Dalam penyelesaian berbagai masalah yang terjadi dikalangan masyarakat Madura, mereka lebih suka menyerahkan pemecahan permasalahan mereka pada kyai atau ustadz setempat. Karena apa yang dikatakan oleh kyai atau ustadz itu sudah tentu akan mereka terima dan rela mereka laksanakan, sebab menurut mereka apa yang dikatakan oleh kyai atau ustadz mereka, itulah yang terbaik bagi mereka. Akan tetapi, bupati Bangkalan dan Pamekasan adalah seorang kyai maka hal itu tidak akan menjadi keheranan jika masyarakatnya masih mendengarkan dan mengikuti saran-saran keduanya.
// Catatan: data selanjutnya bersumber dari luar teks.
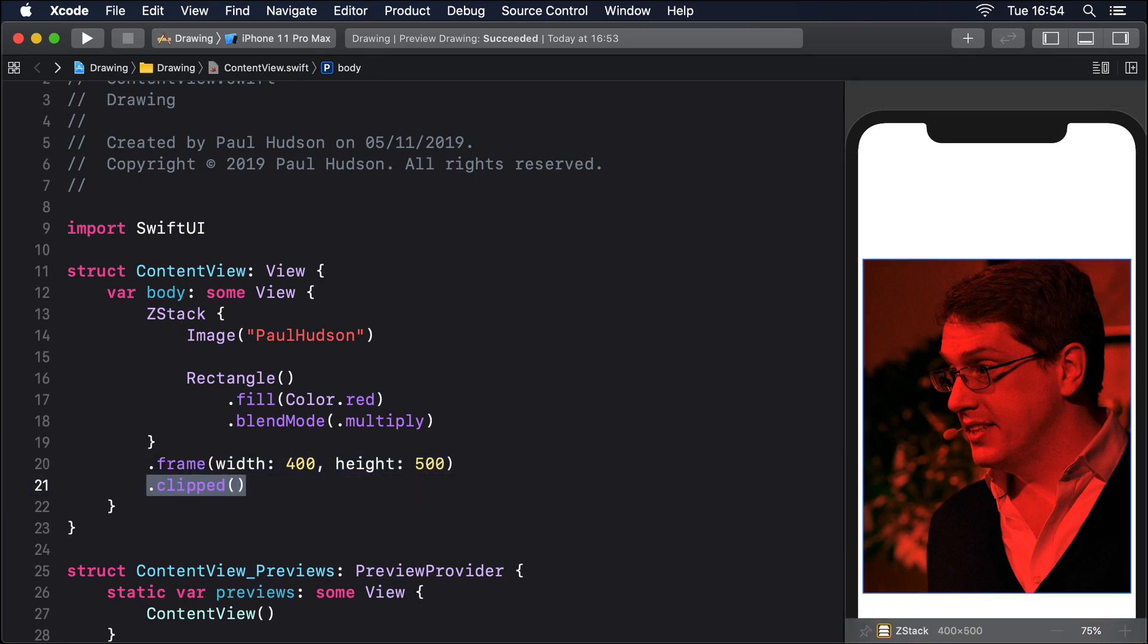Multiply is so named because it multiplies each source pixel color with the destination pixel color. In our case, each pixel of the image and each pixel of the rectangle on top. Each pixel has color values for RGBA: red, green, blue and alpha, ranging from 0 none of that color, through to 1 all of that color. So the highest result in color will be 1 times 1, and the lowest will be 0 times 0.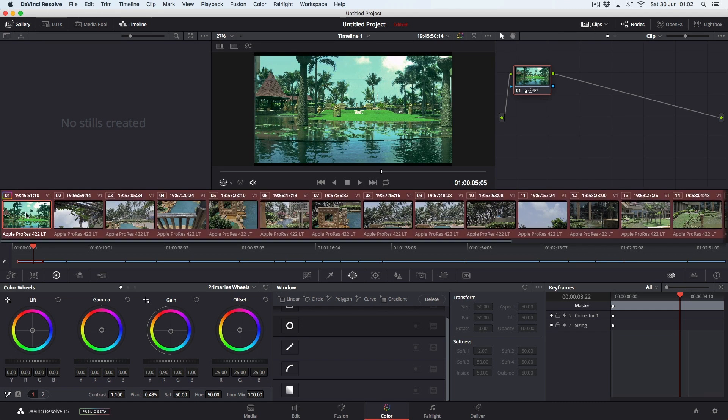First, you should select all the clips on the timeline except the graded one. Then you middle click on the graded one, and that's it.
Sebagaimana nilai budaya yang telah tertanam pada diri masyarakat Madura dalam ungkapan “Buppa, Babu, Guruh ban Ratoh”, bahwa setelah mereka mentaati dan tunduk kepada kedua orang tuanya, barulah mereka akan tunduk dan taat pada gurunya dalam hal ini ustadz atau kyainya. Peran dan fungsi guru atau kyai atau ustadz ini lebih ditekankan pada konteks moralitas terutama dalam aspek ketentraman dan penyelamatan diri dari siksaan di alam akhirat. Oleh karena itu, ketaatan masyarakat Madura kepada figur kyai atau ustadz ini menjadi penanda khas budaya masyarakat Madura yang tidak perlu diragukan lagi keabsahannya.